Technology deployment alone does not achieve Zero Trust outcomes. The program included significant investment in operational integration:

• Updated security operations processes aligned with new architecture
• Enhanced monitoring and alerting leveraging improved visibility
• Incident response procedure updates reflecting new capabilities
• Training across technical teams on Zero Trust operations

The Results

---

Risk Reduction

• Dramatic reduction in lateral movement exposure through microsegmentation - from flat network segments spanning thousands of hosts to isolated workload zones with explicit allow-list policies
• Reduced identity-based attack surface through conditional access and continuous verification

Regulatory Compliance

• Full alignment with Swiss regulatory requirements for operational risk and IT security
• Compliant data protection practices supporting nFADP and GDPR requirements for cross-border operations
• Critical regulatory findings closed within 6 months of program initiation

Operational Efficiency

• Improved visibility enabling faster threat detection and response
• Reduced alert volumes through better signal quality
• Security teams able to focus on genuine threats rather than false positives

Foundation for Future

• AI integration capability for threat detection and response automation
• Security as platform for business enablement rather than obstacle
• Architecture foundation enables rapid capability deployment as implementation progresses

Key Lessons

---

1. Executive sponsorship is essential. Zero Trust transformation is too significant to succeed as a bottom-up initiative. Board-level support, funded program status, and executive accountability were critical success factors.

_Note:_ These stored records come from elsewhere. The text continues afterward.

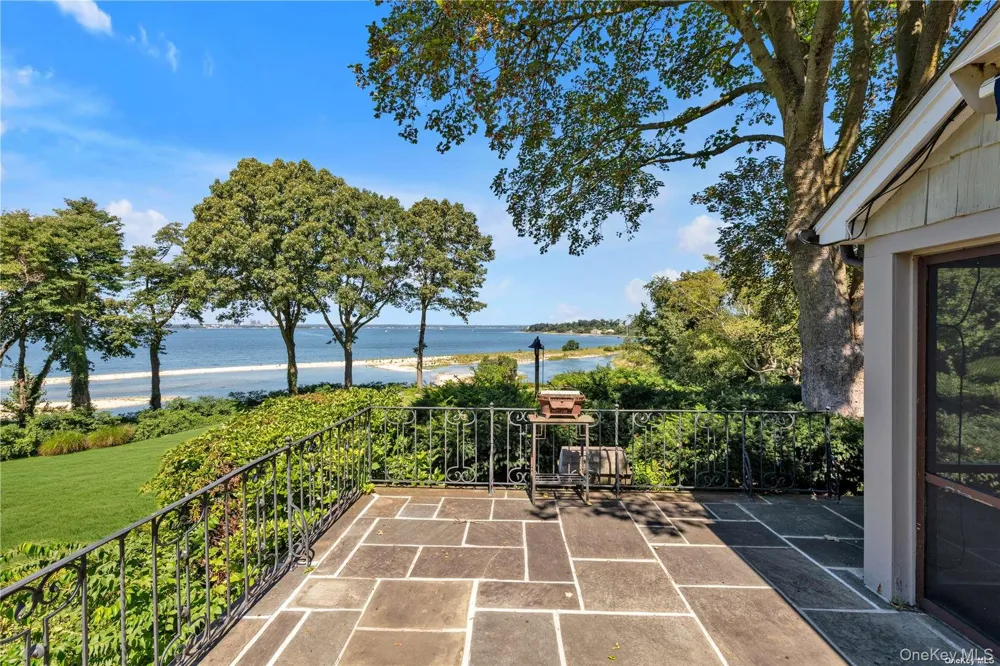 120 W Creek Farms Road Sands Point, NY 11050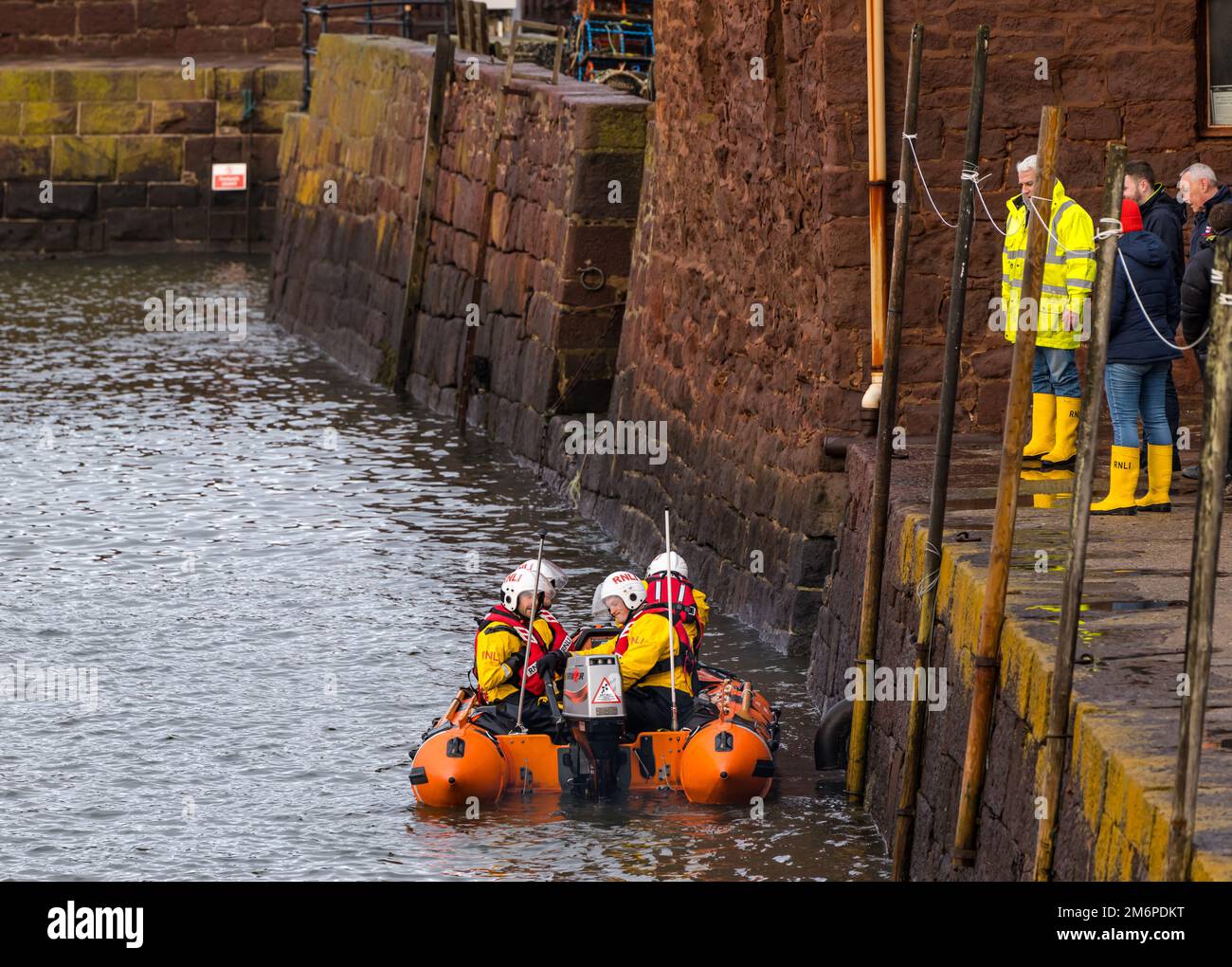 Imbarcazione rigida gonfiabile Royal National Lifeboat Institution (RNLI), Firth of Forth SEA, North Berwick, East Lothian, Scotland, UK Foto Stock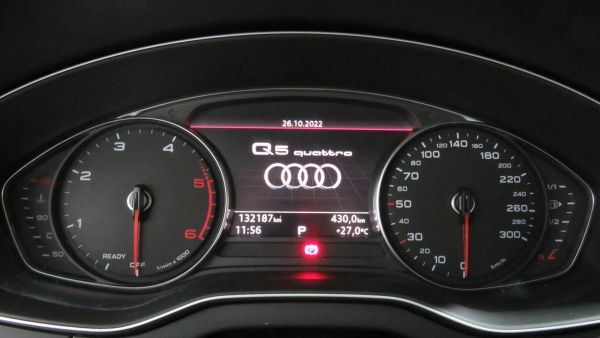 Audi Q5 design 2.0 TDI quattro 140 kW (190 CV) S tronic
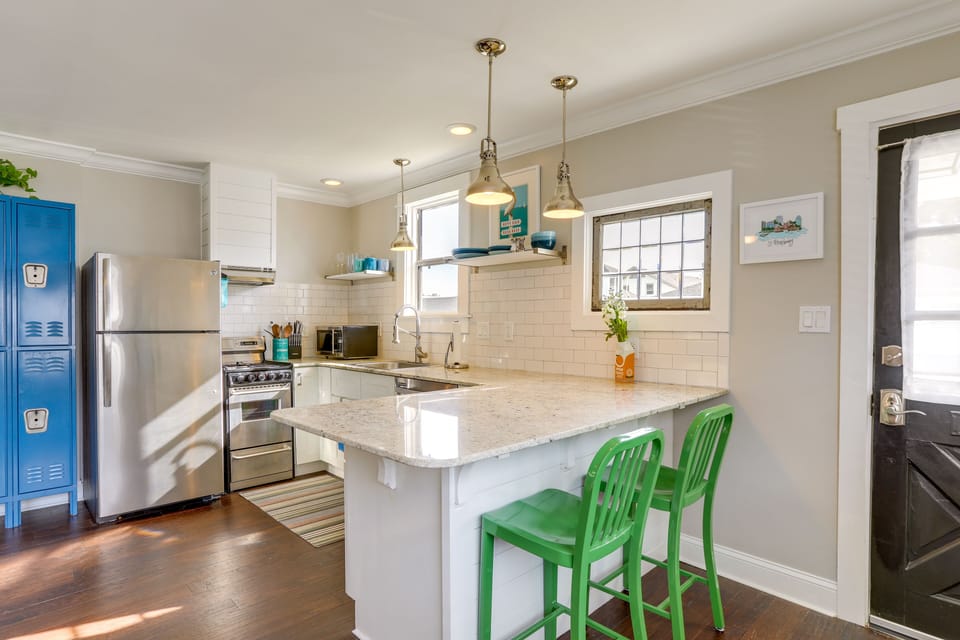 Dining Bar | Dishware/Flatware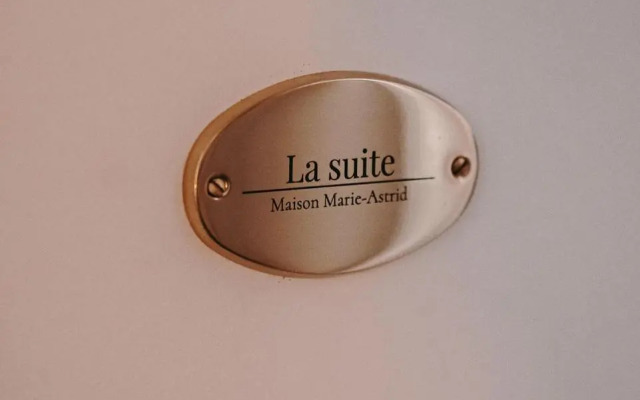Maison Marie-Astrid, Suite avec Balnéo privée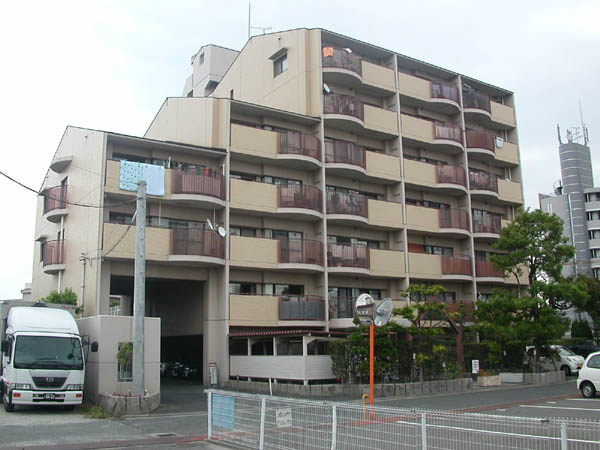 フローラル岸和田の外観|外観は落ち着いています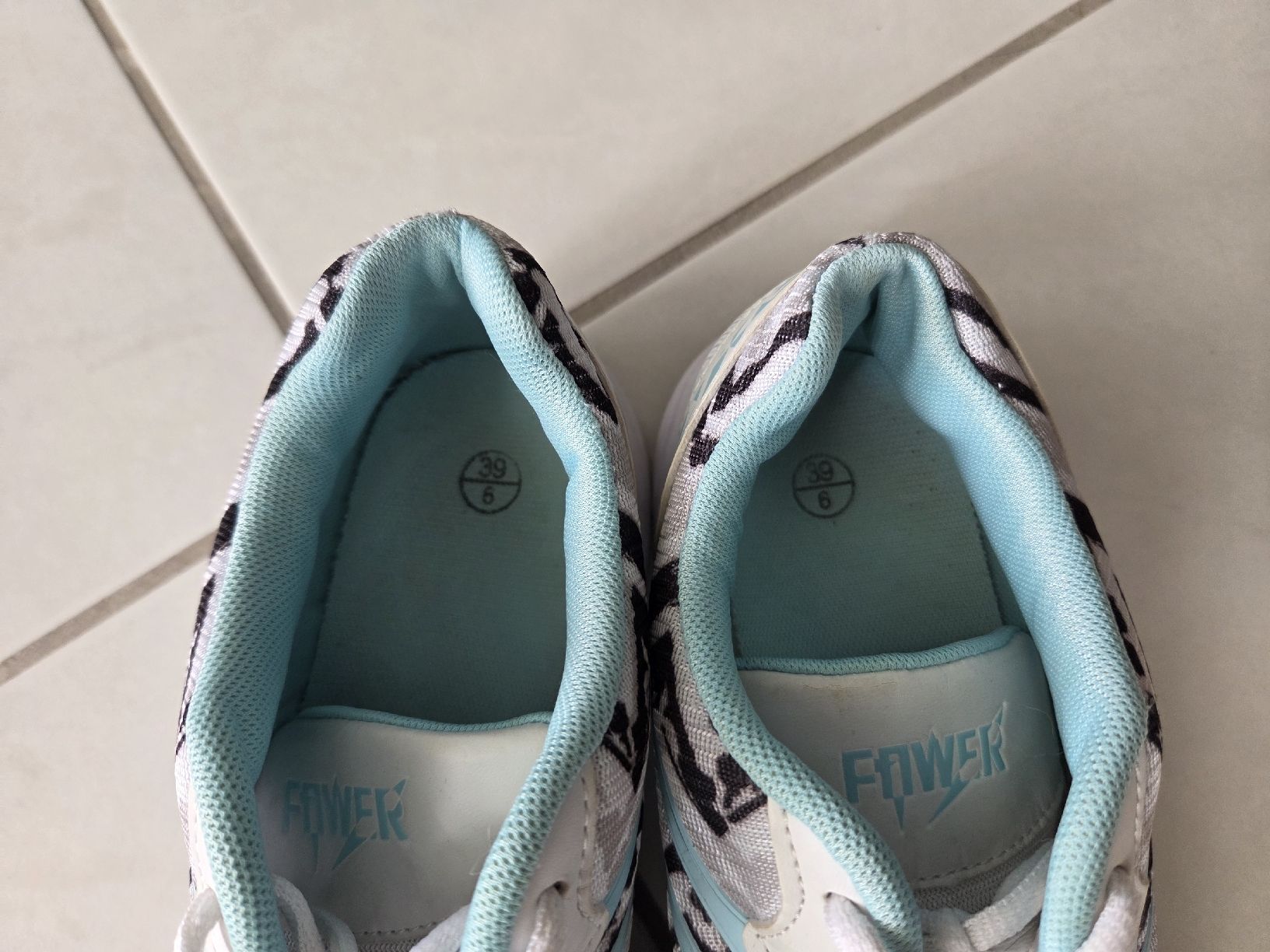 Damenschuhe: Sneakers / leicht Schuhe gr.39 – Gebraucht aus Bronschhofen von Katrusja 2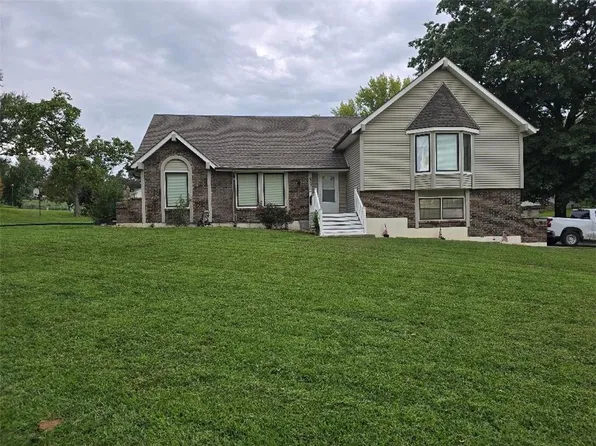 601 W Stonecrest Cir, Saint Joseph, MO 64506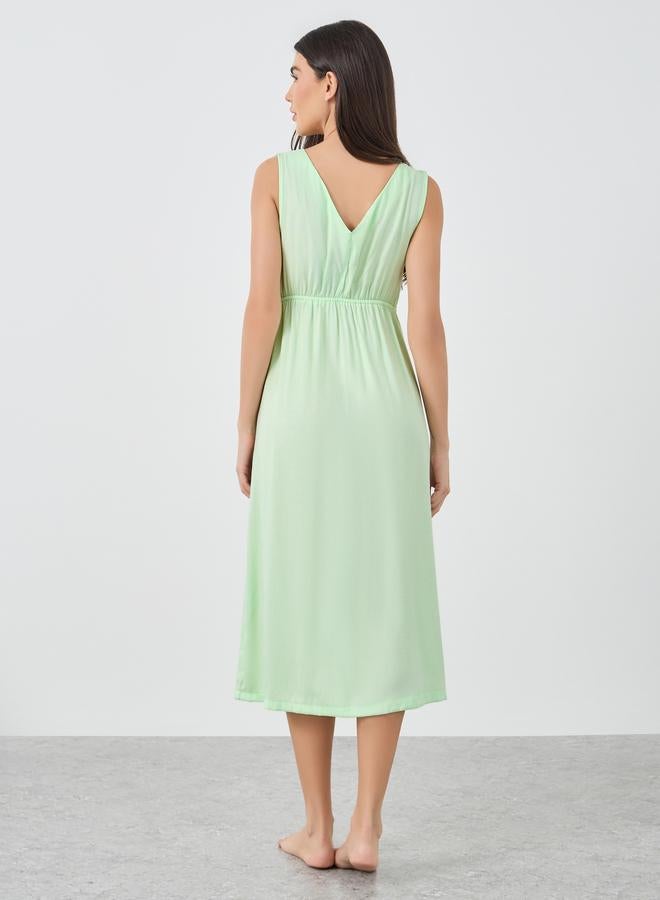 Styli Textured V-Neck Sleeveless Nightdress - Image 4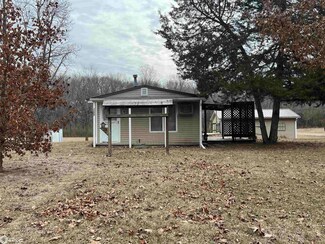 1200 N 3rd St, Oquawka, IL 61469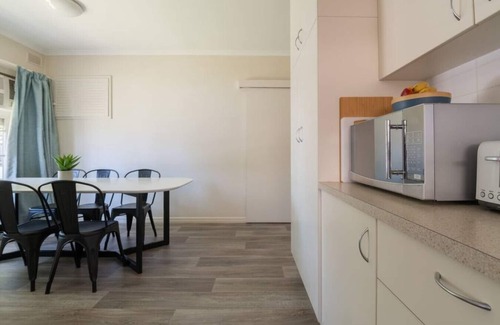 Glenelg Apartment | Gem Apartment 5 - Courtyard I Beach I Wifi I Cafes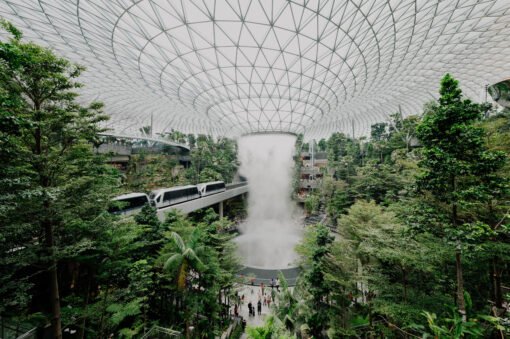 IISF 2025: Kolaborasi Menuju Pertumbuhan Ekonomi Hijau Pembicara IISF 2025 sedang memaparkan strategi kolaborasi pemerintah dan sektor swasta dalam membangun pertumbuhan ekonomi hijau dan corporate sustainability strategy di Indonesia.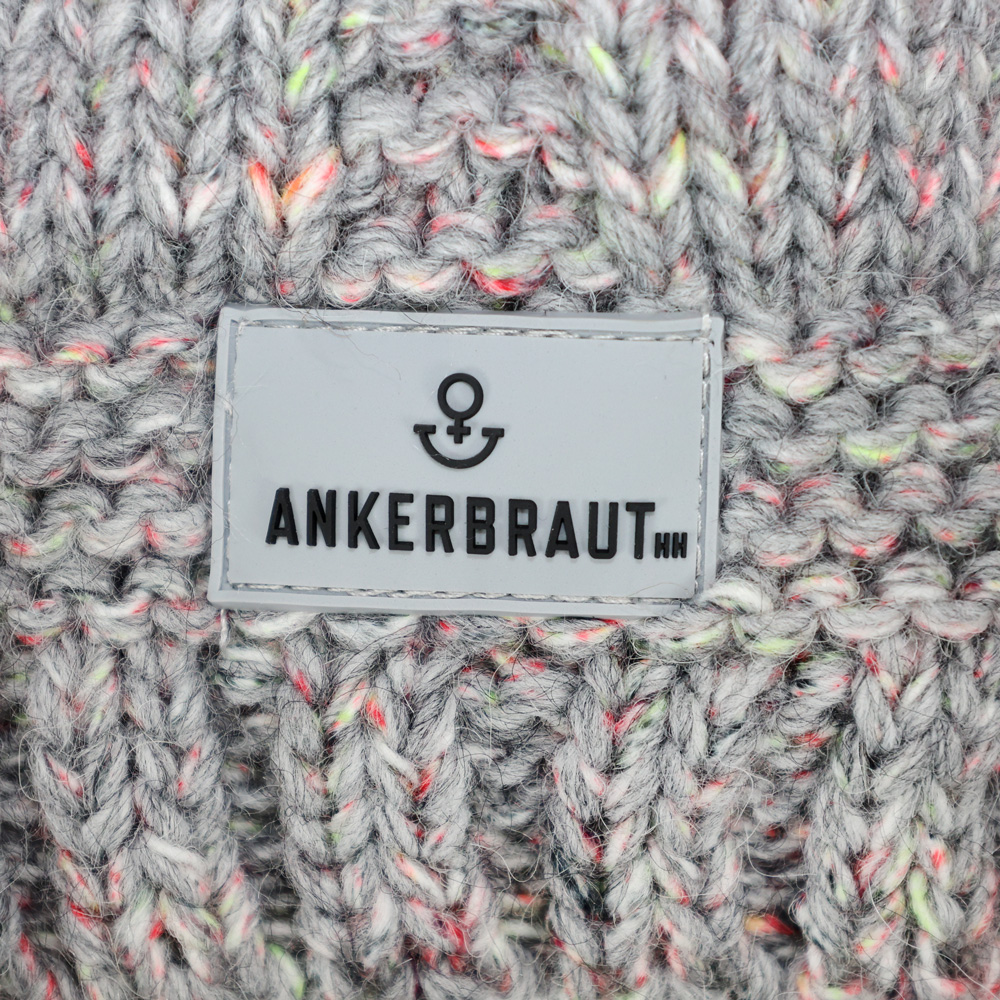 Weibliches Model mit ANKERBRAUT Mütze in Silver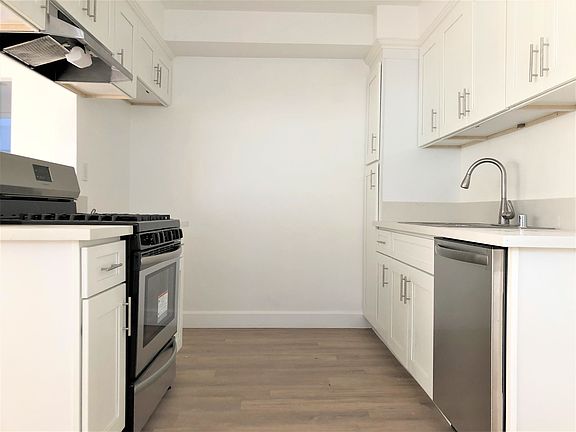 5th image of 117 S California St #5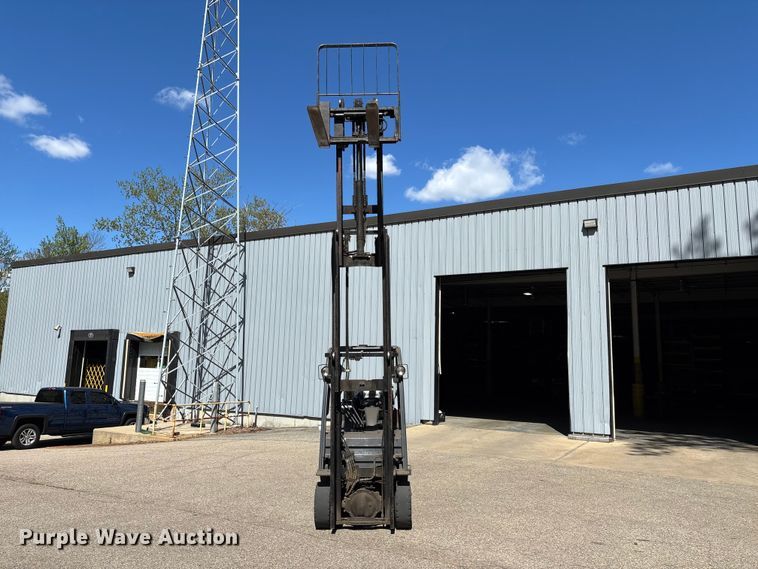 image for item EM0104 2013 Toyota 8FGCU25 forklift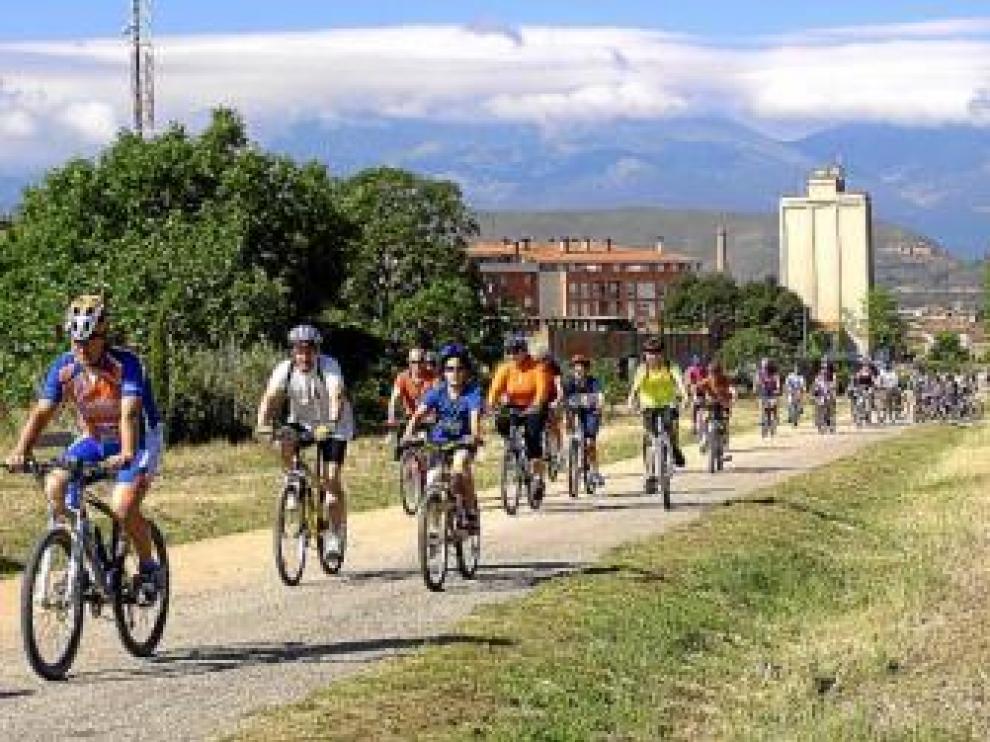 Los ciclistas conmemoraron el día de las vías verdes.
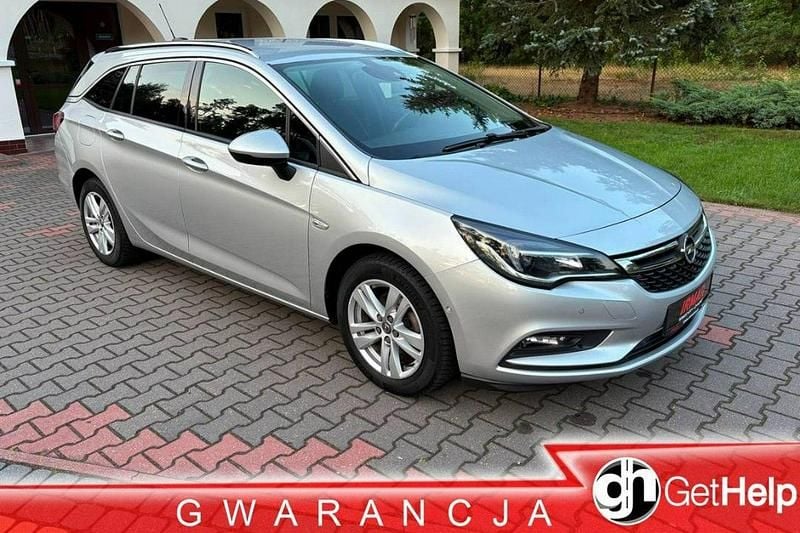 Srebrny Używany 2016 Opel Astra Kombi | 36 000 zł (Dość drogi) - Obraz 1/4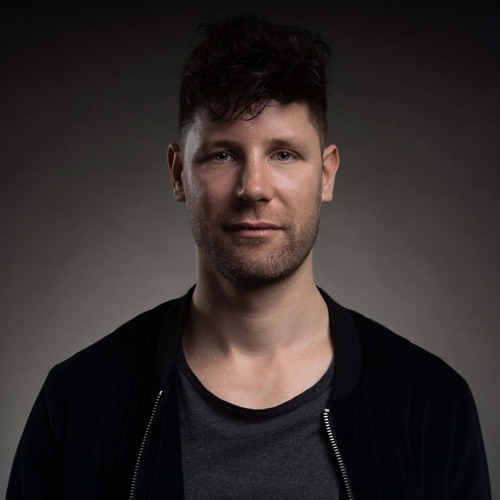 Portrait of Frontliner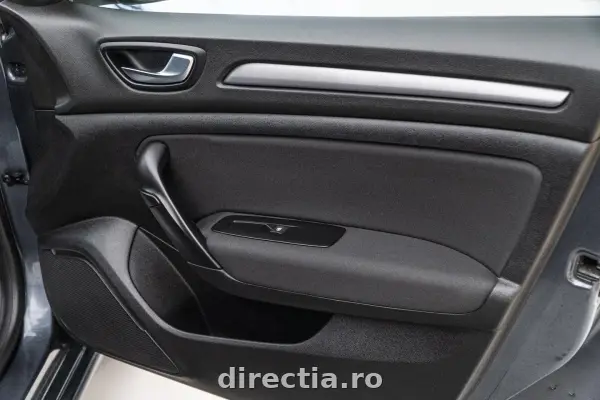 Poza anunț 32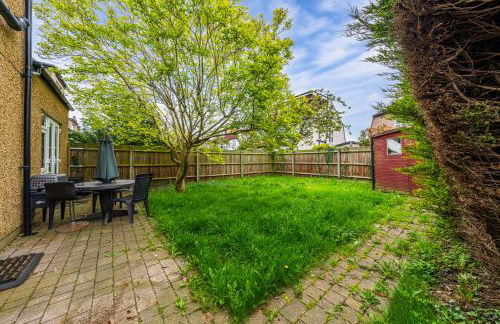 Barnet Serviced Accommodation - Elegant 5-Bedroom Home, Just a 7-Minute Stroll from High Barnet Station - Book Your Stay Today!" - Foto 24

2. Architecture must accommodate reality. Theoretical Zero Trust purity is less valuable than practical Zero Trust improvement. The architecture explicitly addressed legacy systems, diverse environments, and operational constraints.

3. Deployment is not adoption. Technology deployment is necessary but not sufficient. Operational integration, process updates, and training determine whether technology investments actually deliver security outcomes.

4. Measurement enables improvement. Clear metrics and measurement from program initiation enabled data-driven decisions, demonstrated value to stakeholders, and identified areas requiring additional attention.

Engagement Model

---

This transformation was led internally with architecture leadership provided by me as the embedded expert - providing strategic direction, designing the Zero Trust reference architecture, chairing the design authority, and ensuring integration coherence across the entire organization. Internal teams and implementation partners executed under my technical oversight. This model combined deep organizational knowledge with external expertise, avoiding both the knowledge gaps of pure external consulting and the resource constraints of purely internal delivery.